February 2, 2006 - DIT released Report on Google.cn's Self Censorship
Dynamic Internet Technology Inc. (firstname.lastname@example.org), February 6, 2006
Various search have been performed and compared on google.com and google.cn between 1/25-2/3. We derived that google.cn is using two blacklists to remove some results. In addition to that, both www.google.com when accessed from China and www.google.cn include more web pages from China in their search results. Combined with Google's best search ranking technologies, google.cn become model partner of Chinese government's propaganda.
1. Impact on user experience
On issues that are highly sensitive to the CCP regime, a search within "all sites" will be silently limited to websites inside China. So the results will closely follow the party line.
As an example, search results of the Chinese word "Falun Gong" (法轮功) from google.com and google.cn have dramatic difference. Half of the search results from google.com are oversea websites and are supportive of Falun Gong. All search results from google.cn are slandering.
Results from google.cn:
Results from google.com:
On less sensitive issue, propaganda in China applies subtle alterations compared to oversea websites. In such cases, google.cn only removes results from blacklisted websites, which is enough to present the propaganda.
One example is the search of "Iraq+America" (in Chinese characters).

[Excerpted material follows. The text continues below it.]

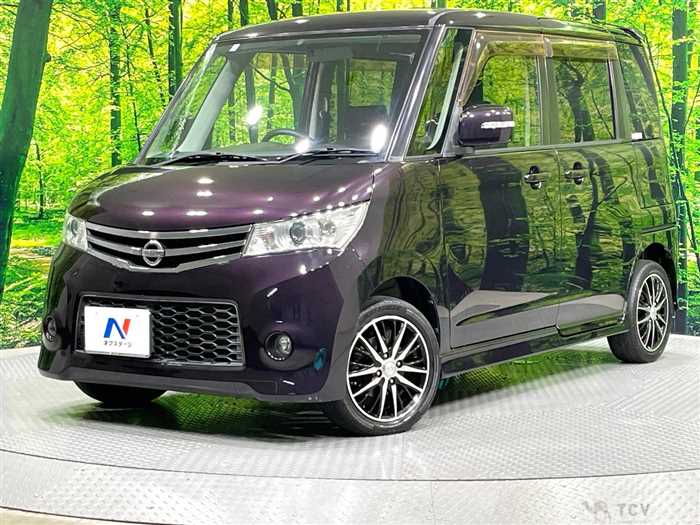2012 Nissan ROOX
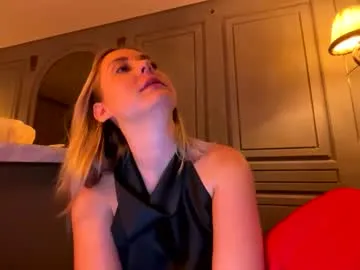 sweetyoops – webcam model profile photo Image 9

News reports left on google.cn emphasize how little support President Bush got from US, Iraq and the world, and how hypocritical US army is in the prisoner torture case.
Besides removing results, Google also adds more results from websites in China to www.google.cn and www.google.com when accessed from China. Those websites in China usually follow government propaganda closely. Because of the ranking algorithm, such larger pool of well inter-connected web pages will "dilute" other web pages and lower the ranking of oversea web pages sooner or later.

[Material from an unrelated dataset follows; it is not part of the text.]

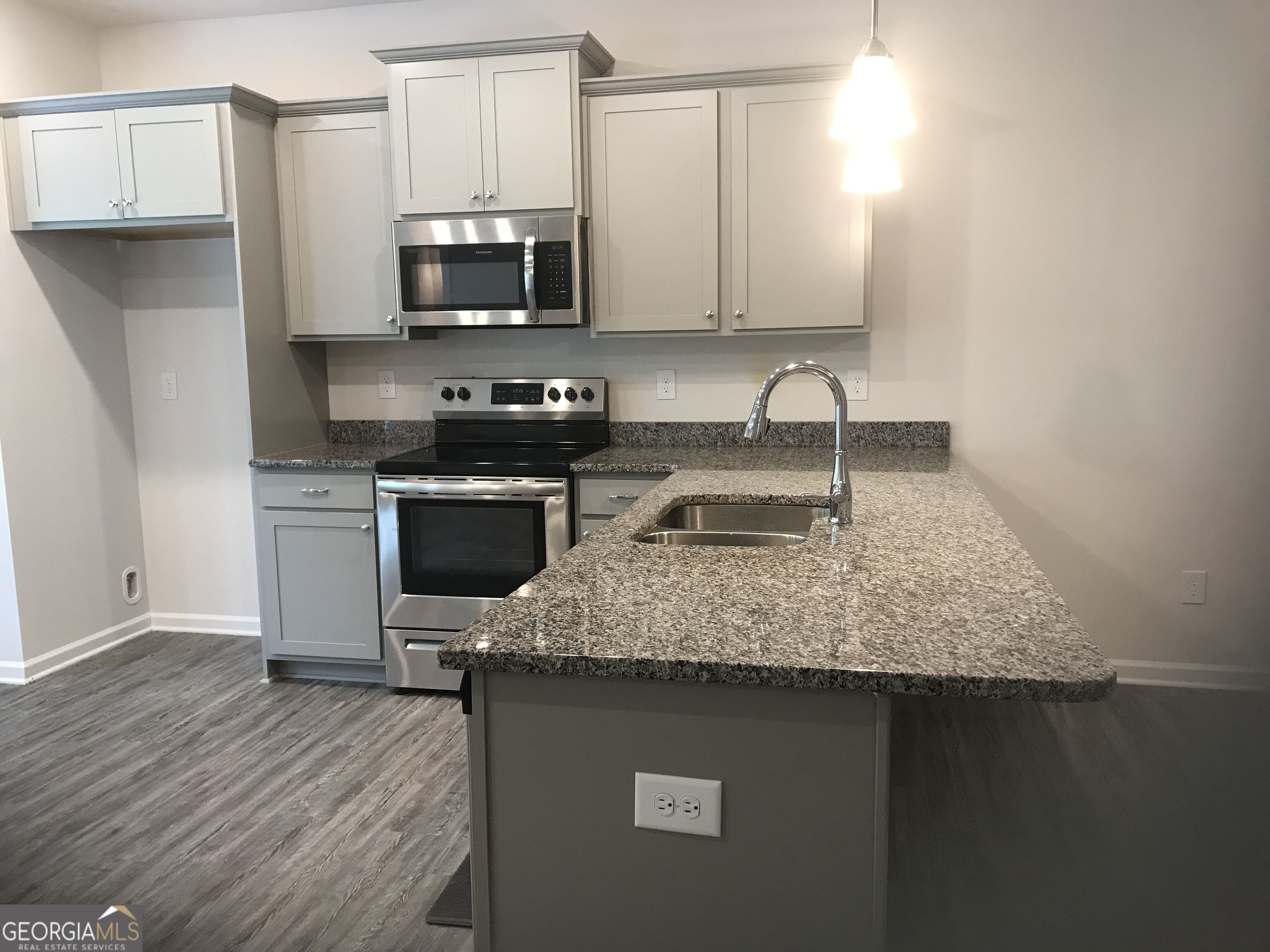 21 Kane Drive Property Photo 2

For example, we found "Iraq+America" reported 1,950,000 results found on www.google.com when accessed from US, 4,960,000 results from www.google.com when accessed from China (through proxy in China) and 4,850,000 results from google.cn.
Google.cn also implemented various redirection to silently limit user search to web pages in China even user originally choose the default "all pages". This happens when some "highly sensitive" keywords are searched.
Image and news search work the same way as web search and have similar impact on user experience.
2. Impact on free flow of information
According to recent "Statistical Reports on the Internet Development in China" by CNNIC, search engine is one of the three "most used Internet service/function" and search engine is the most important way to learn a new website.
With the explosion of online information, search engine become another form of media. The case of google.cn is the latest example of how new technologies can be used to consolidate the communism regime.
By removing contents from blacklisted websites on google.cn, most users who are not technically savvy will have a harder time to be aware of the existence of such website through search engine, much less to seek ways to access them.
3. Blacklist discovered
When a keyword is blacklisted, google.cn silently limits search results to websites in mainland China only WITHOUT ANY WARNING. Search results related to those keywords from oversea websites usually show dramatic difference from news from mainland China. Those keywords include "sensitive issues" like Falun Gong, Nine Commentaries, June 4th etc.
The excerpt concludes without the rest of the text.